While I think that's true, I'm not so sure that a person should be free to place an anti-semitic billboard across the street from a synagogue. It is not civilized to go into a stranger's home and then describe their spouse as fat and ugly. On this forum, we have all seen the new posters who arrive and insult immediately. It's not civilized. We are generally grateful that Greg readily bans trolls who post here merely to provoke mayhem. I would prefer to live in a civilized society and I think the State can foster this. I just don't know how this is to be organized.
But should the CHRC take on an Internet web site? One with little traffic? In some ways, this is a stoopid, ugly Internet Rabble vs. Free Dominion, flame war, skirmish. (MLW seems to have found a polite modus operandi to resolve these - Greg just warns and then bans a few posters.)
I also think that Richard Warman - one of the accusers against Marc Lemire - is a modern day Savonarola or McCarthy. People who operate this way are bound to finish on their own bonfire. I think Canada's human rights commissions have a similar destination.
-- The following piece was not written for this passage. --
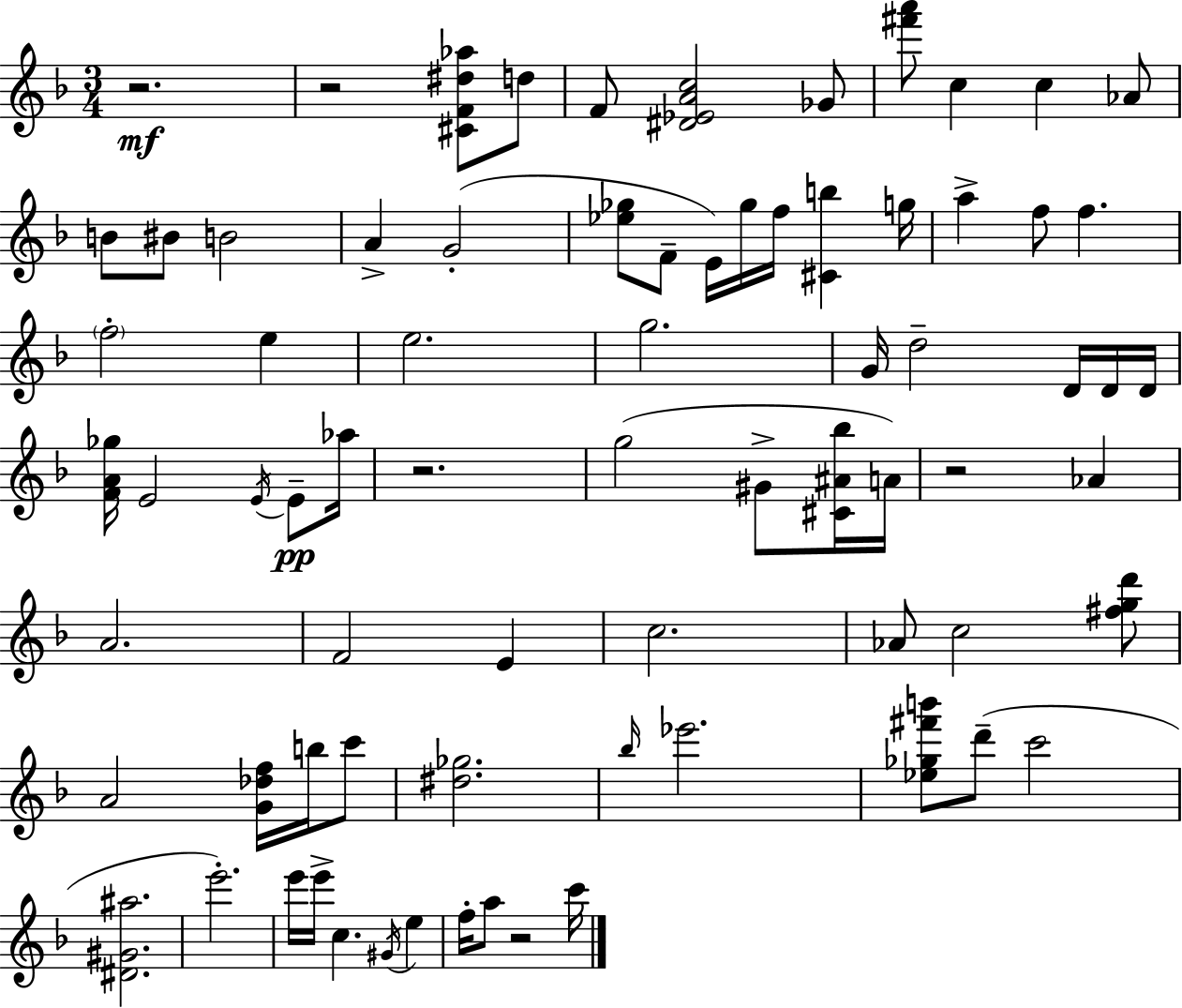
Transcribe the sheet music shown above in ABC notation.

This has the potential to become a third rail/wedge issue. If it ever occupied centre stage of Canadian federal politics, when the dust settled, the tribunals might be on the wrong side of the number count. But it would be a wrenching of Canadian federal politics and I think Canada has other more important issues to put on centre stage.
As a last point, a point that I have never seen noted elsewhere on whatever side of this issue, I still feel that the backlogs of Canada's human rights tribunals is their truly damning feature. Backlogs mean that they can pick and choose according to whim. They are arbitrary. As I posted before:
The following is from an internal report of the Canadian Human Rights Commission:
Canadian Human Rights CommissionIn 2001, through a detailed review of its 24 years of operation, the Commission determined that it had been accumulating a backlog of complaints since its inception. The backlog is the number of open cases in excess of the number that would normally be open if the Commission were completing as many cases as it was taking in each year. Although the Commission has reduced this backlog at various points in its history, it has never had the capacity to deal with all of the complaints filed in a given year. For example, in 2002, the Commission received 800 signed complaints, 200 more than it is resourced to handle under its traditional business model.
In 2002, a review of the Commission's service and operational standards concluded that, under current procedures, it takes up to two years to investigate a complaint. The review confirmed that the approach by which it had been processing complaints did not lend itself to setting reasonable service standards. The length of the complaint process and the fact that the backlog was endemic led to the conclusion that major reform to the business model was needed. The comprehensive reform of the complaint process began in the fall of 2002.
Such backlogs for such a tribunal are an invitation to abuse. This is not justice in any sense of the term. It is arbitrary application of opinion.
Are human rights commissions arbitrary? Must we respect their decisions? Apparently not - according to Gerald Tremblay, the Mayor of Montreal. He just ignores decisions of human rights tribunals:
LinkThe Quebec Human Rights Commission has found in favour of four Montreal teens who claimed they were victims of racial profiling by the Montreal police.
The commission recommended in a decision made public yesterday that the city put measures in place to put an end to racial profiling.
It also ordered the city to pay $47,000 in damages plus interest to the four teens and their families for the incidents that took place in August, 2003.
But the cheque isn't exactly in the mail, Montreal's La Presse reports today. Mayor Gerald Tremblay says he doesn't plan to conform to the commission's recommendations and both the city and police say the officers did nothing wrong.
Edited by August1991, 21 March 2008 - 11:01 PM.